NM RESTART is Enabled – Problem is here
For node_reconnect event, it's removing the old node and adding the newly connected node. RM is also not restarted. I don't think we need to handle the RMNodeReconnectEvent
it's removing the old node and adding the newly connected node. RM is also not restarted.
RMNodeImpl#ReconnectNodeTransition#.transition does not remove old node if any applications are running. In the below code, if noRunningApps is false then Node is not removed. Instead just handling running applications.
public void transition(RMNodeImpl rmNode, RMNodeEvent event) { RMNodeReconnectEvent reconnectEvent = (RMNodeReconnectEvent) event; RMNode newNode = reconnectEvent.getReconnectedNode(); rmNode.nodeManagerVersion = newNode.getNodeManagerVersion(); List<ApplicationId> runningApps = reconnectEvent.getRunningApplications(); boolean noRunningApps = (runningApps == null) || (runningApps.size() == 0); // No application running on the node, so send node-removal event with // cleaning up old container info. if (noRunningApps) { // Remove the node from scheduler // Add node to the scheduler } else { rmNode.httpPort = newNode.getHttpPort(); rmNode.httpAddress = newNode.getHttpAddress(); rmNode.totalCapability = newNode.getTotalCapability(); // Reset heartbeat ID since node just restarted. rmNode.getLastNodeHeartBeatResponse().setResponseId(0); } // Handles running app on this node // resource update to schedule code } }
Thanks rohithsharma for reporting and jianhe for your inputs.
I am also able to reproduce this issue, I see that RM is not getting information about the completed containers after NM restart as part of the nodeheartbeat request and also AM is not informing the RM to release these completed containers. As a result RM is assuming these containers are running and not releasing these completed container resources.

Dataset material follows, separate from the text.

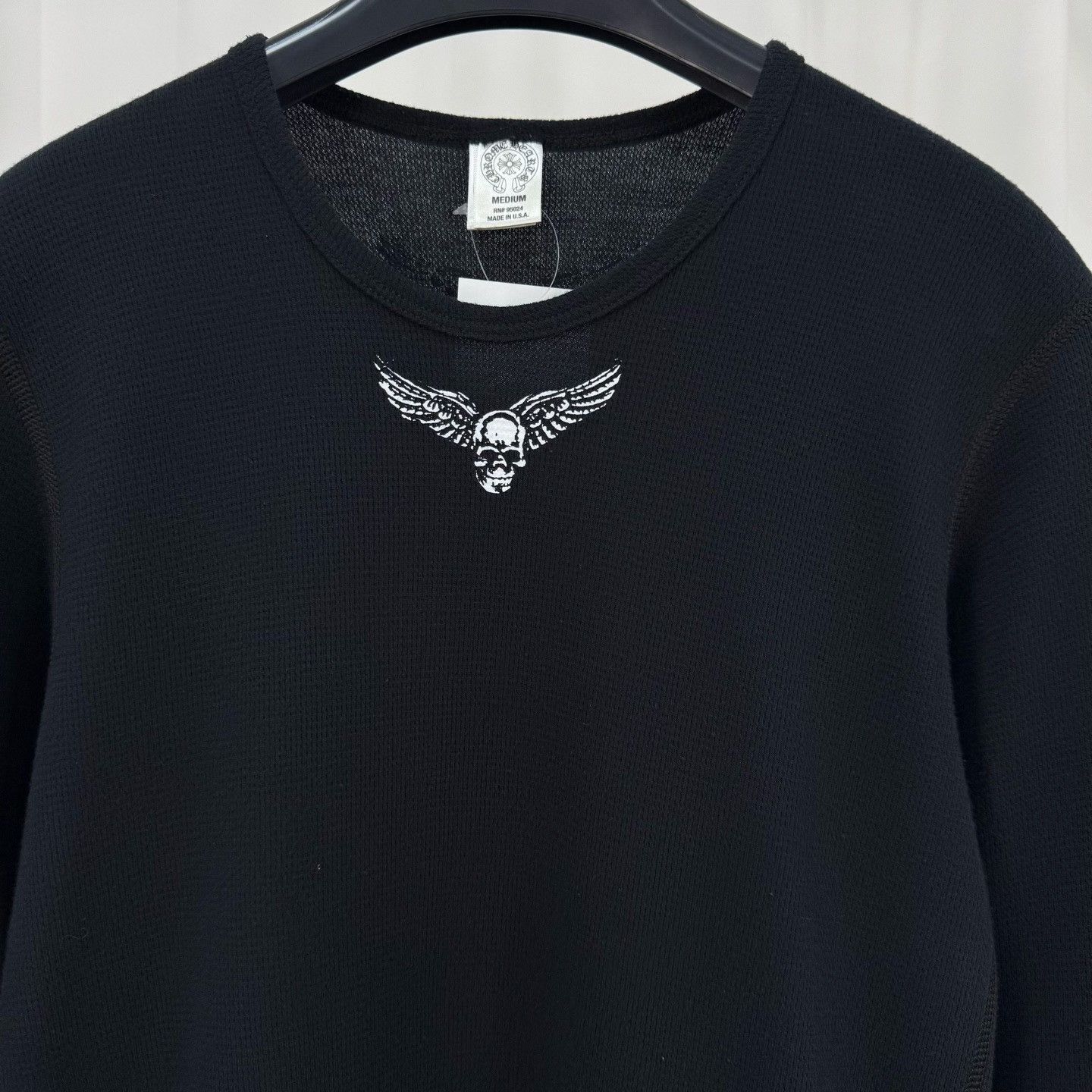 Chrome Hearts CHROME HEARTS Foti Winged Skull Waffle Knit Tee M Size US M / EU 48-50 / 2 - 4 Thumbnail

Attached the version-1 patch.
The patch does following
- Added ReconnectedEvent to process NMContainerStatus if applications are running on the node
Kindly review the patch
-1 overall. Here are the results of testing the latest attachment
http://issues.apache.org/jira/secure/attachment/12699148/0001-yarn-3194-v1.patch
against trunk revision 814afa4.
+1 @author. The patch does not contain any @author tags.
+1 tests included. The patch appears to include 2 new or modified test files.
+1 javac. The applied patch does not increase the total number of javac compiler warnings.
+1 javadoc. There were no new javadoc warning messages.
+1 eclipse:eclipse. The patch built with eclipse:eclipse.
-1 findbugs. The patch appears to introduce 5 new Findbugs (version 2.0.3) warnings.
+1 release audit. The applied patch does not increase the total number of release audit warnings.
-1 core tests. The patch failed these unit tests in hadoop-yarn-project/hadoop-yarn/hadoop-yarn-server/hadoop-yarn-server-resourcemanager:
org.apache.hadoop.yarn.server.resourcemanager.recovery.TestFSRMStateStore
Test results: https://builds.apache.org/job/PreCommit-YARN-Build/6647//testReport/
Findbugs warnings: https://builds.apache.org/job/PreCommit-YARN-Build/6647//artifact/patchprocess/newPatchFindbugsWarningshadoop-yarn-server-resourcemanager.html
Console output: https://builds.apache.org/job/PreCommit-YARN-Build/6647//console
This message is automatically generated.
I think NM after restarted will try to relaunch these running containers as RecoveredContainers, and if it cannot locate the pid (assume container get completed during NM downtime), it would report and trigger the complete of containers. Do I miss anything here?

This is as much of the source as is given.